İstanbul Film Festivali Direktörü Azize Tan'ın yanı sıra Zeki Demirkubuz ile festivalin jüri üyelerinin katıldığı basın toplantısında, Ulusal Yarışma, Ulusal Belgesel Yarışması, Uluslararası Yarışma, İnsan Hakları Yarışması, Yarışma Dışı ve Yeni Türkiye Sineması bölümlerinde gösterilen filmlerin büyük çoğunluğu, filmlerini göstermeme kararı aldı.
Toplantıda, festivallerde gösterilecek Türkiye'de üretilmiş yapımların kayıt tescil belgesi almış olmasını zorunlu tutan "Sinema Filmlerinin Değerlendirilmesi ve Sınıflandırılmasına İlişkin Usul ve Esaslar Hakkında Yönetmelik"in değişmesi ve yerli ve yabancı filmler arasında gözetilen farklı uygulamanın kaldırılmasının sağlanması için tüm sektöre, festivallere, meslek birliklerine dayanışma içinde olma çağrısı yapıldı.
"YENİ SİNEMA YASASI ÇIKARILMALI"
İstanbul Film Festivali, filmlerini göstermeme kararı alan film ekiplerini gösterim saatlerinde sinema salonlarına gelerek, kendilerine ait olan bu süreyi bir tartışma alanına çevirmeye davet etti.
BAKUR BELGESELİNE ENGELLEME
İstanbul Film Festivali'nde, PKK'lıların yaşamını anlatan Kuzey/Bakur belgeselinin gösterimi Kültür Bakanlığı tarafından "kayıt tescil belgesi" olmadığı gerekçesiyle engellenince başlayan krizde, uluslararası jüri yarışmadan çekildi.
KÜLTÜR BAKANLIĞI AÇIKLAMA YAPTI
Kültür ve Turizm Bakanlığı, Bakur/Kuzey adlı belgeselin İKSV tarafından düzenlenen festivalden çıkarılmasına Bakanlık tarafından karar verildiğine dair yapılan açıklamalara ve bunun sonucunda yapılan haberlere ilişkin kamuoyunun doğru bilgilendirilmesine ihtiyaç duyulduğu belirtildi.
Bakanlık açıklamasında şunlar kaydedildi: "Söz konusu yazı festival yönetimine yeni gönderilmemiş olup, ilgili mevzuatın hükümlerinin hatırlatıldığı 9 Ocak 2014'te gönderilen genel bir bilgilendirme yazısıdır.
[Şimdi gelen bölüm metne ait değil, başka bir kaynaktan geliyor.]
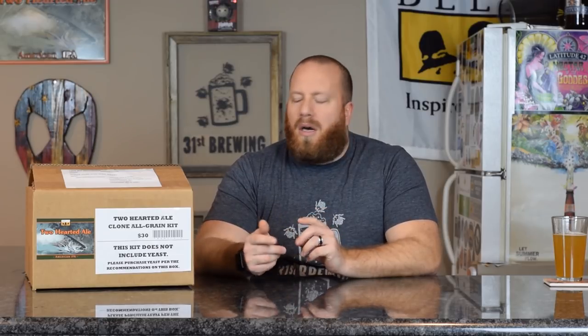So this is an All-Grain Kit. I have made the clone before. Northern Brewer has a Dead Ringer — I've made it twice, but I've not bought the kit from Bell's. I believe they had it last year when I got the Hopslam one, but because I brewed the Dead Ringer, I was thinking this was probably going to be the same, so I did pass on it.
Festival yönetiminin eski tarihli genel bir yazıyı yeni gönderilmiş gibi lanse etmesi, kabul edilemez ve maksatlı bir tutumdur. Festival yönetiminin tüm bilgi ve tecrübesine rağmen gerçekleştirdiği eksik uygulamaların neticesinde gelinen noktanın tamamen yönetim zafiyeti ve sorumluluk anlayışıyla bağdaşmayan bir durum olduğu açıktır. Hal böyle iken festival yönetiminin mevcut noksanlıkları ve yanlış uygulamalarını saklayarak, sanki Bakanlık sansür uyguluyormuş gibi bir anlayışa sevk edecek açıklamalarda bulunması bu sorumsuzluğu daha da pekiştirmektedir."
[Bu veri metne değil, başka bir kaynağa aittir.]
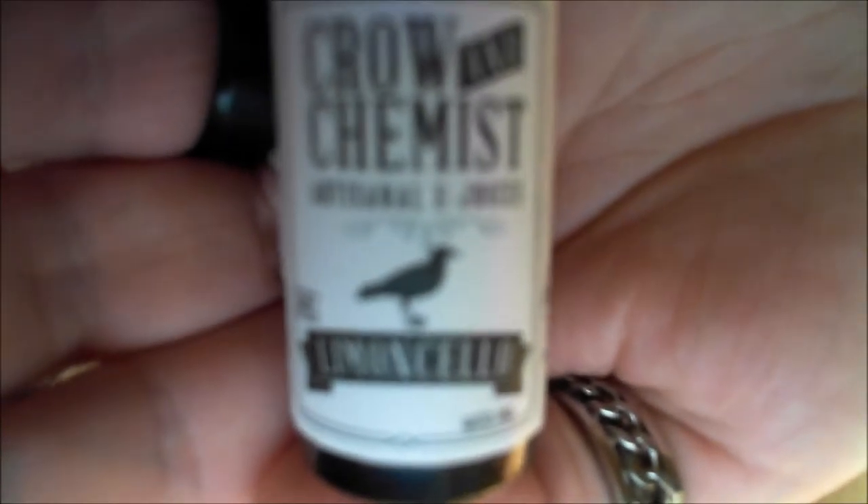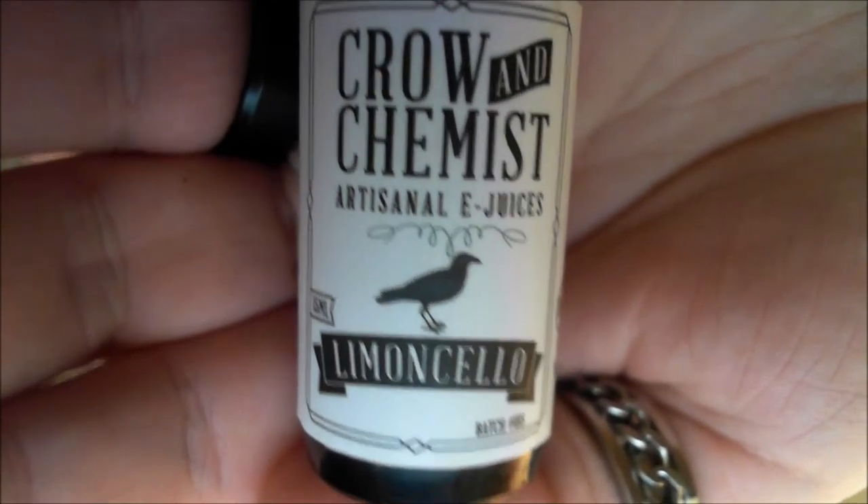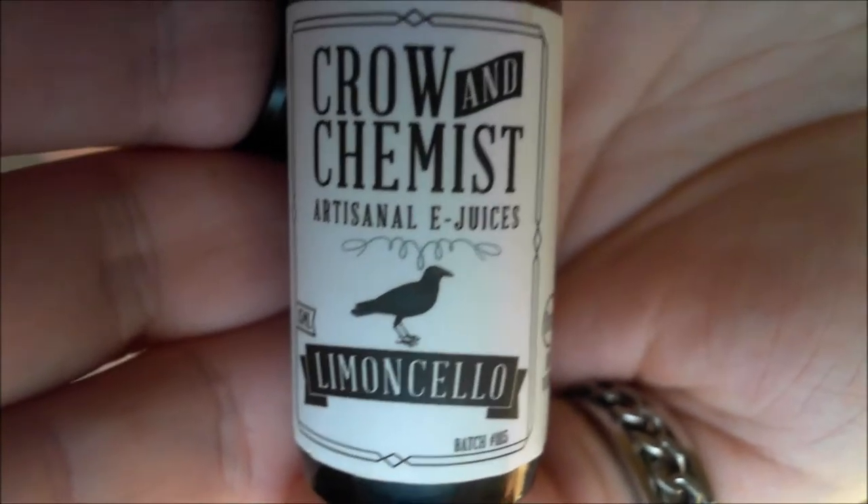Hello everyone, I'm Graham Vapes and welcome to my review. This is the review for the Crow and Chemist Limoncello — not 'lemon cello' but limoncello, Italian. Here we go. This is what I'm vaping: Crow and Chemist Artisan E-Juices, 15 milliliter bottle size, Limoncello.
Açıklamada, özgürlüğün ancak yasaların uygulanmasıyla teminat altına alınabilecek en önemli değer olduğu, istisnasız tüm kişi ve kuruluşlara sorumluluk yüklediği vurgulanarak, şöyle devam edildi: "Ayrıca filmle ilgili yapılan haberlerde 'PKK belgeseli' nitelemesinin kullanılmasının da işaret ettiği gibi ortada terör örgütü propagandasının söz konusu olması, hiçbir şekilde temel demokratik değerlerle ve düşünce özgürlüğünün evrensel kriterleriyle bağdaşmayan bir durumdur. Bu noktada da 'PKK belgeseli' nitelemesinin işaret ettiği gibi, terör örgütü propagandası konusu da söz konusu vakfı ve festival yönetimini ilgilendirmektedir. Tüm bunların öncesinde ise gerek festival yönetimince gerekse de filmin yapımcıları tarafından filmin gösterimi için yerine getirmekle yükümlü oldukları yasal sürecin hiçbir şekilde başlatılmadığı hatta yok sayıldığı da açıktır. Noksanlıkları gizleyerek, yanlışlıklar silsilesi olarak devam eden bu süreçte Bakanlığımızı sansür uygulayan bir kurum olarak göstermeye çalışmak en hafif ifadeyle yalan beyandır. Bu itibarla, aksine iddialar gerçekle bağdaşmamaktadır."